Will voters give Dean a pass too? He didn’t earn his money; he married it—his wife, Anne, is Joe Davis’ niece—and the other candidates aren’t above pointing that out.
“Without spending his wife’s money, he wouldn’t have a chance to win,” council member David Briley sniffs. “That’s the bottom line.”
Dean is obviously expecting accusations that he’s trying to buy the election. He emphasizes that his campaign is trying to attract contributions and raised about as much money as his main rival, former Congressman Bob Clement, in the last quarter. Also, he says he’s not just relying on TV ads to connect with voters but running an old-fashioned field campaign too. He says he’s going door-to-door asking for votes.
He won’t say how much of his family money he’s willing to spend. But political observers say Dean probably is going to have to let loose at least $1 million if he wants to seriously challenge Clement through a runoff election. No other candidate can come close to matching this level of spending. Council member Buck Dozier says he’ll air his first TV spot within a week, but he can’t sustain advertising without anything like the personal resources of Dean or the contributor base of Clement.
Man of mystery
Dean, who is all but unknown to voters, used his first TV ad to introduce himself. “Hi, I’m Karl Dean, running for mayor. I bet you’ve never heard of me before,” he jokes at the start of the 30-second commercial.

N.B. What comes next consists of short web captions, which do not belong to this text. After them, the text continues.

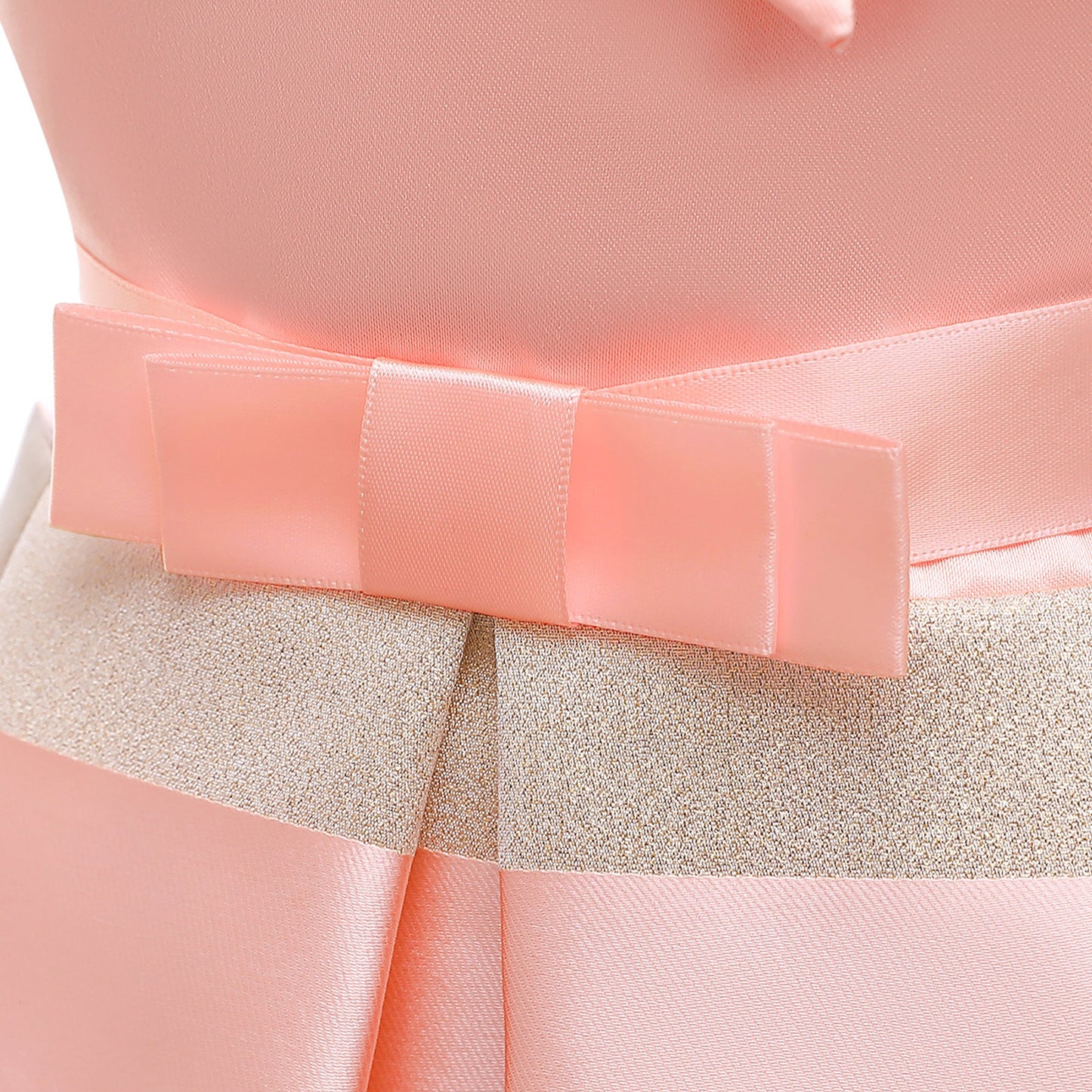 子供ドレス 発表会ドレス オフショルダー 膝丈スカート フォーマル JD0125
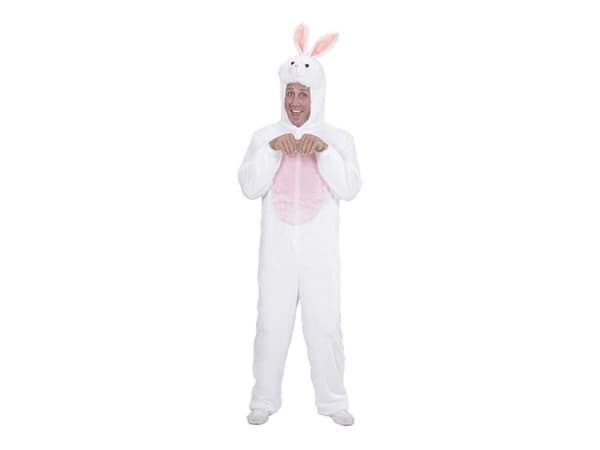 Kanin kostume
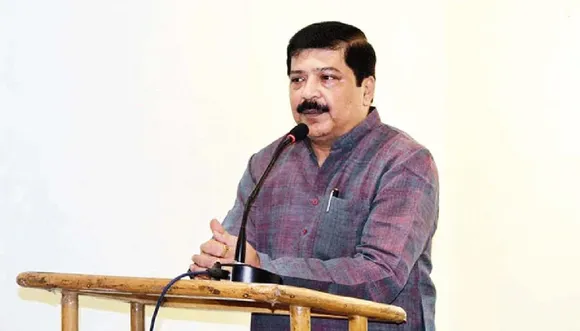 Parties Must Come Together to Save Democracy: Tripura Cong MLA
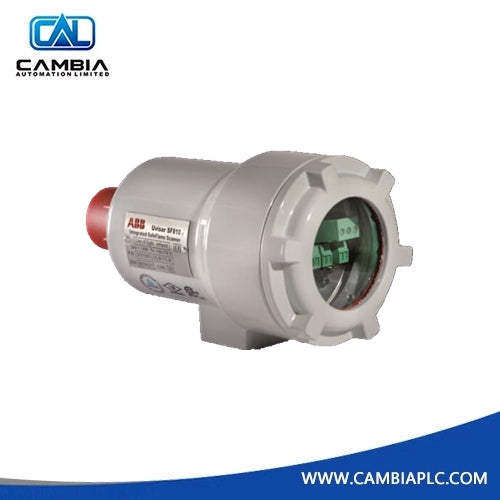 ABB UR600IR with lens | P/N 84531-S-3270000 *In Stock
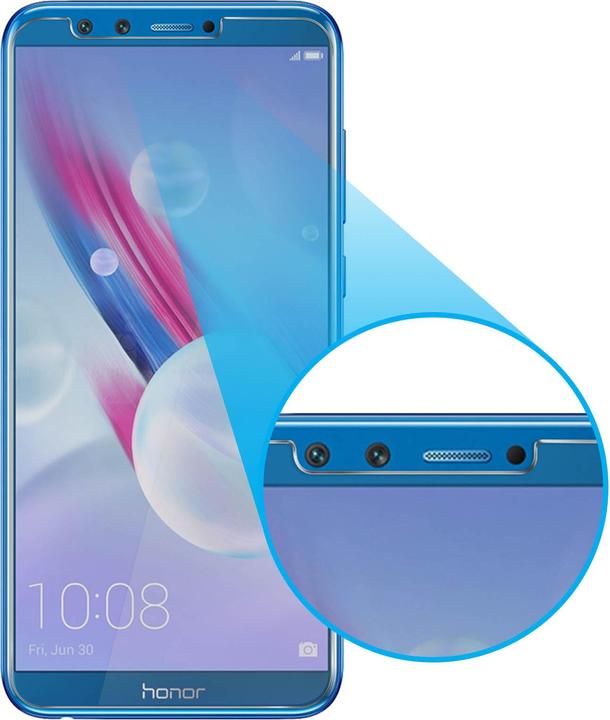 Immagine prodotto Avizar Pellicola cristallina, protezione del display in vetro (1 Pezzo/i, Onore 9 Lite)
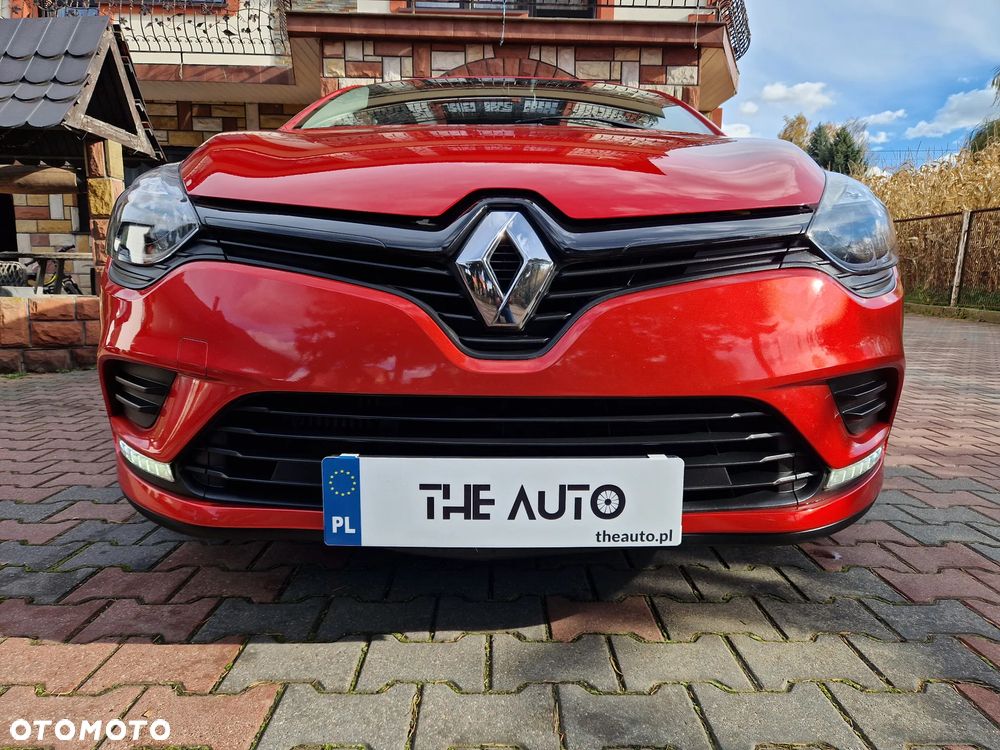 Renault Clio 0.9 TCe Life - 1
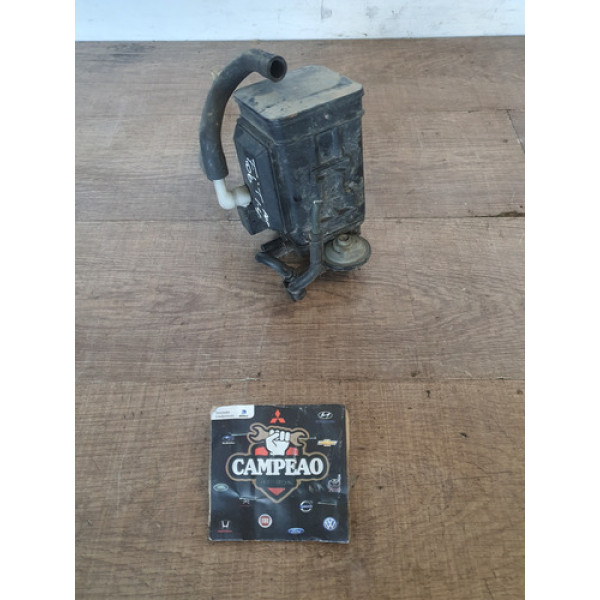 Filtro Canister Honda Fit 1.4 Automático 2006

“I worked seven years as Nashville’s law director making sure that Nashville, well, followed the law,” he goes on to say. “Before that, I was public defender, elected three times. It was in this job where I saw way too many kids here in court when they should have been here in school. Our No. 1 priority will be to reduce the dropout rate and actually getting kids to return to school. I’m Karl Dean and next time we’ll talk about how we can get that done.”

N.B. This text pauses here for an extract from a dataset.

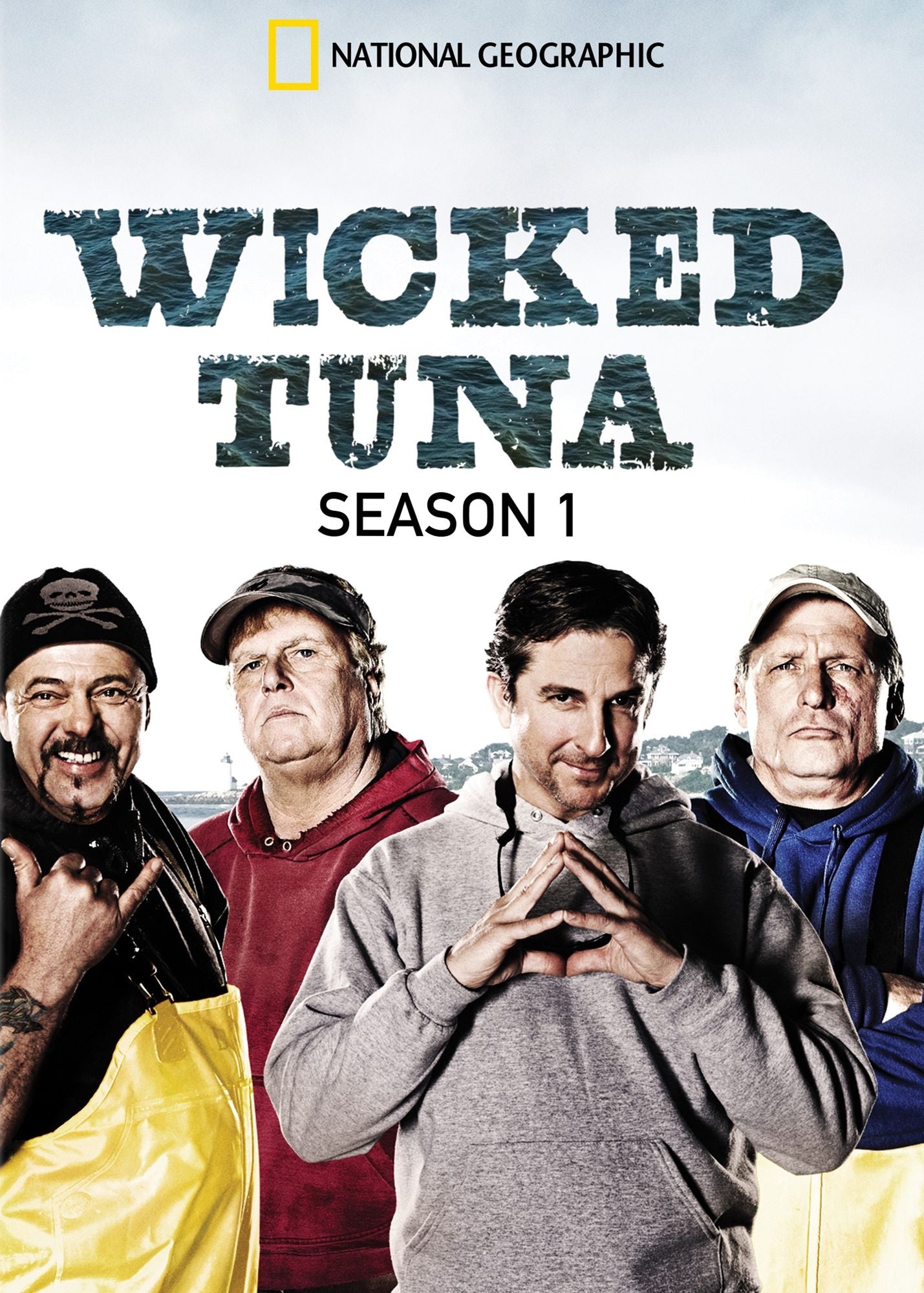 Wicked Tuna: Season 1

Voters will hear a lot more about Dean’s time as public defender, but probably not much more about what he learned on the job about helping kids in trouble. The Clement campaign is getting ready to emphasize another aspect of Dean’s tenure as public defender—his representation of violent criminals and drug pushers. Clement will probably hold his fire until late in the campaign unless Dean starts rising in the polls too quickly.
Guffaws for Clement
Bob Clement drew surprised looks from the other candidates when he suddenly announced at the end of a campaign forum that he thinks Nashville ought to bid for the 2020 Summer Olympic Games. In a later news release, Clement’s campaign called it a “truly visionary proposal,” but at least a couple of his rivals think it’s truly goofy.

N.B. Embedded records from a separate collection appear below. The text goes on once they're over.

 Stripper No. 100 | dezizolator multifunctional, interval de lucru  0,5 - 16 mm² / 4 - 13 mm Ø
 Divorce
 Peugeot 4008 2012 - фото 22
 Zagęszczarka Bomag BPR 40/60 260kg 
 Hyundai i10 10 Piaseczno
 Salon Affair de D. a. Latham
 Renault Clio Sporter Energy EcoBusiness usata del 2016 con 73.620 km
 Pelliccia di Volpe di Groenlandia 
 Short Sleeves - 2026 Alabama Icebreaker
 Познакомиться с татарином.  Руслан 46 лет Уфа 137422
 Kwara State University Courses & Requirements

As Scene blogger Bruce Barry pointed out, “We learned just a few days ago that the 2012 Olympics in London will cost British taxpayers $18 billion (yes, billion), which is three times the original estimate. As part of its 2016 bid, Chicago’s city council has ponied up a $500 million guarantee to cover possible cost overruns. In Nashville budgetary terms, that’s close to an entire year’s budget for the school system. The state of Illinois has said it’s good for another $150 million in losses. Even the process of just developing a bid involves tens of millions of dollars: Vancouver, for instance, spent $34 million (Canadian) back in 2002 to bid for the 2010 winter games.”
Vice Mayor Howard Gentry couldn’t stop chortling when asked to comment on Clement’s idea. “Heh, heh, heh, heh, heh, heh,” Gentry laughed, before dismissing the idea as impractical. “Nashville isn’t big enough,” he said flatly.
David Briley said he thought it was some kind of joke at first. “But they sent out a press release, so I guess they really mean it.” Briley slammed the “outrageous expense” of Clement’s idea and then took the opportunity to slap the former congressman as a typical Washington politician.
“It sounds like an idea that comes from somebody who’s voted on a bunch of unbalanced budgets,” Briley said. “It sounds to me kind of like a Washington mentality for decision-making. If we don’t balance our budget in Nashville, we lay people off. We don’t print new money.”
After months of mindless campaigning, it looks like the candidates are finally starting to have a little fun.